Becoming Immutable: How Ethereum is Made
For blockchain researchers and practitioners, it provides empirical evidence that routing and block composition significantly impact execution quality in on-chain markets.
The paper constructs a novel dataset of 15,097 non-winning Ethereum blocks to reveal that fragmented routing delays 21% of user transactions and that execution quality varies across candidate blocks, with arbitrage bots affecting user swap outcomes.

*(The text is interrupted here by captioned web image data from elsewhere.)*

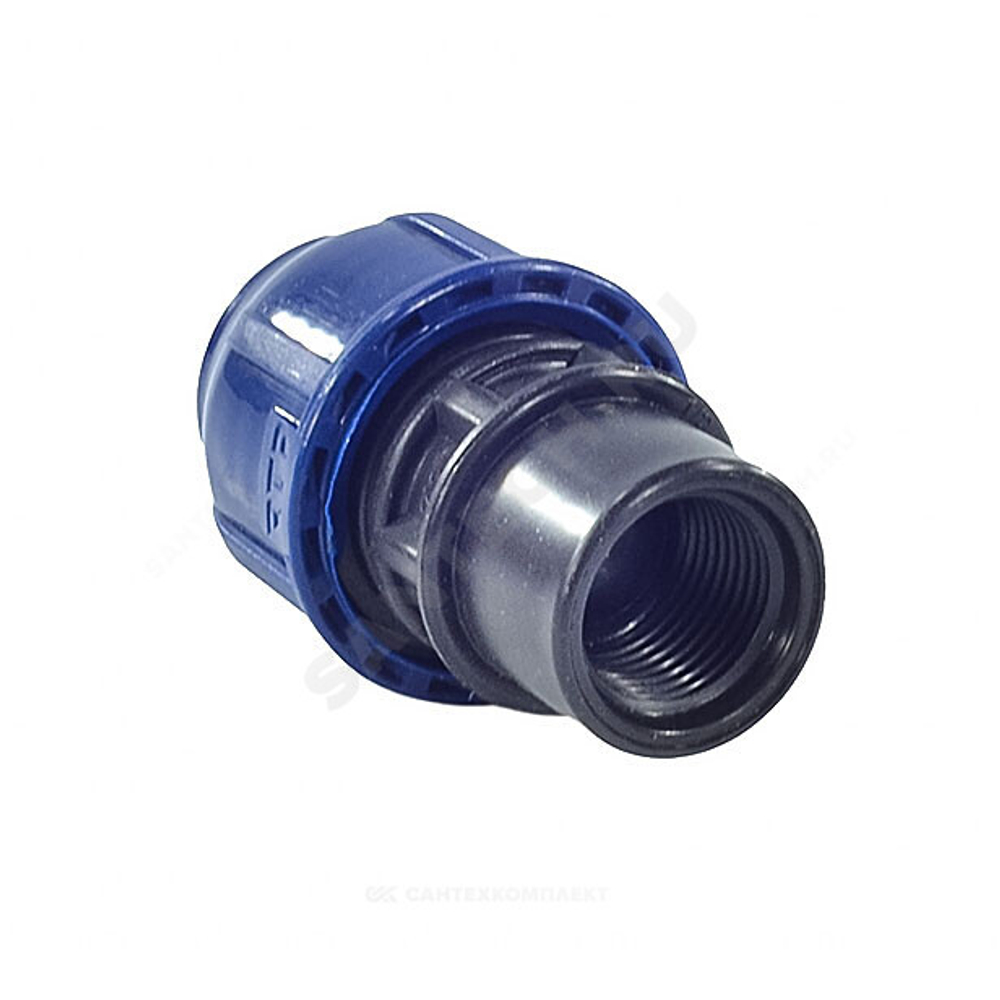 Муфта компрессионная ПЭ Дн 20х3/4" ВР Ру16 RTP (РосТурПласт) 11479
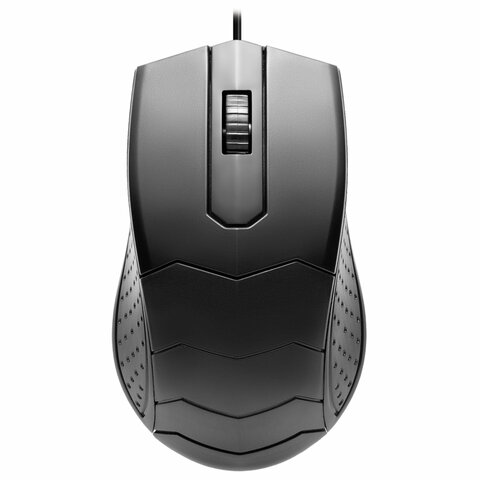 превью Мышь проводная DEFENDER HIT MB-530, USB, 2 кнопки + 1 колесо-кнопка, оптическая, черная, 52530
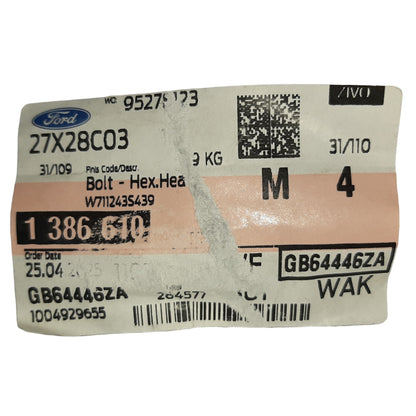 Genuine Ford Bolt | 1386610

Blockchain's economic value lies in enabling financial and economic transactions without relying on trusted, centralized intermediaries. In practice, however, transactions pass through a fragmented chain of intermediaries before being included on-chain. Because standard blockchain data reveal only the winning block, this process is largely unobservable. We address this limitation by constructing a novel dataset of 15,097 non-winning Ethereum blocks, that is, blocks proposed but not selected for inclusion. We show that 21% of user transactions are delayed: they appear in candidate blocks but not in the winning block, implying that fragmented routing materially affects inclusion time. We further show that execution quality varies substantially across candidate blocks: for the same swap, both execution probability and execution price differ across proposed blocks. To study these differences, we examine competition between two arbitrage bots trading between decentralized and centralized exchanges. We find that, conditional on inclusion in a block that also contains transactions from these bots, user swaps in the same (opposite) direction are less likely (more likely) to execute and receive worse (better) prices. These results show that routing and block composition are central determinants of execution quality and market quality in on-chain markets.